#### [Aim of the task]
From the entries below, return exactly the lines beginning at the one that contains "Pheidole sculpturata specimen" and ending at the one that contains "NCH WavePad Crack 19.11 Free Download", both of them included, and only those lines.

(Data excerpts begins)

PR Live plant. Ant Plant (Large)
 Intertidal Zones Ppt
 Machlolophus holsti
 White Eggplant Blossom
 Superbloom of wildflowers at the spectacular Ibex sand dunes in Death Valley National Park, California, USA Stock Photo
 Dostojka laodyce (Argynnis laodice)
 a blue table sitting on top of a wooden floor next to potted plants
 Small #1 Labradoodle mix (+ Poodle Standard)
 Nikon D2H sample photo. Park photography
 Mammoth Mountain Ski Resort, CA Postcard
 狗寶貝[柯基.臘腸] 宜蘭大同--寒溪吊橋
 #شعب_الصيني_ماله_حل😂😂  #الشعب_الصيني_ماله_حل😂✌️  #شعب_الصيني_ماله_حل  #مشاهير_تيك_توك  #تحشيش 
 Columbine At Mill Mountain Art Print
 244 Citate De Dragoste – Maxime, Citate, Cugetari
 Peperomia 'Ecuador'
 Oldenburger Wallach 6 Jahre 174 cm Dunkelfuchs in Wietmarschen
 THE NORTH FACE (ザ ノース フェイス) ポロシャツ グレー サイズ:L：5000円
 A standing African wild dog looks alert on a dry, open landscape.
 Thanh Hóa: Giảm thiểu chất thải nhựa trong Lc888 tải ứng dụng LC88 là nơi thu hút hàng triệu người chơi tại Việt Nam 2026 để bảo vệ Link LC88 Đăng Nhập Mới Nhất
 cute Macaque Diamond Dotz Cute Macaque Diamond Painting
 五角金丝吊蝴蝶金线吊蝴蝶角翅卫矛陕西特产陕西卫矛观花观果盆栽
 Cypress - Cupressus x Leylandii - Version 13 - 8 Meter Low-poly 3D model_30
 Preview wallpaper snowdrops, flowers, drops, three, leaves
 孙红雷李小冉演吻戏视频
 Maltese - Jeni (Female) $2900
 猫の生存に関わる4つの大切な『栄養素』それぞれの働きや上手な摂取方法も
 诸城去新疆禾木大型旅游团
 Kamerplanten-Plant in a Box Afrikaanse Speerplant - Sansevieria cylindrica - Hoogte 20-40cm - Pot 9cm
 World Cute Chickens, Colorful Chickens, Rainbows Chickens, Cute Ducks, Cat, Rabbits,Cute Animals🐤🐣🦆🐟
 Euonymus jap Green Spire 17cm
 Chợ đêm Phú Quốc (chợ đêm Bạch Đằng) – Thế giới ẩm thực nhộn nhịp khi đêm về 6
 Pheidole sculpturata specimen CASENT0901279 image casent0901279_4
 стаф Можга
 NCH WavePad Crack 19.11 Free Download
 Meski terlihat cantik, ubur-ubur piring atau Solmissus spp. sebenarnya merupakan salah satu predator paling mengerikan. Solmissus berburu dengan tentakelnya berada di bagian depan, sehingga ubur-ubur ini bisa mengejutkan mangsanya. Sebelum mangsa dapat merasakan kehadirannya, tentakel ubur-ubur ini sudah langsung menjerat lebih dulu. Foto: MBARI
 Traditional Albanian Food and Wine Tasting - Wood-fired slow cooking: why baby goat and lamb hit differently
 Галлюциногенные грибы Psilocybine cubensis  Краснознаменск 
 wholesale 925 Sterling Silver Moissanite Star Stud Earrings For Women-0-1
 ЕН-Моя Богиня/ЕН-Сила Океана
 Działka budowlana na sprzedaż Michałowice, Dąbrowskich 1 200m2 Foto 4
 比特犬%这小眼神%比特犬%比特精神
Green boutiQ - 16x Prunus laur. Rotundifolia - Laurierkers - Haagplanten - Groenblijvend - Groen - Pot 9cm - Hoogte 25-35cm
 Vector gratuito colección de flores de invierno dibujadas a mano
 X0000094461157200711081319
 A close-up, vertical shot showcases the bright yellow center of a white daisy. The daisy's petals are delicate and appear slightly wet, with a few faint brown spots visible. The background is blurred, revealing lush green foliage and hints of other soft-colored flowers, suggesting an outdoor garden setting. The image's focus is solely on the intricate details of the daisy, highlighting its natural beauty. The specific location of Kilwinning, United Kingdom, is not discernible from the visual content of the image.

(Data excerpts ends)

#### [Reply]
 Pheidole sculpturata specimen CASENT0901279 image casent0901279_4
 стаф Можга
 NCH WavePad Crack 19.11 Free Download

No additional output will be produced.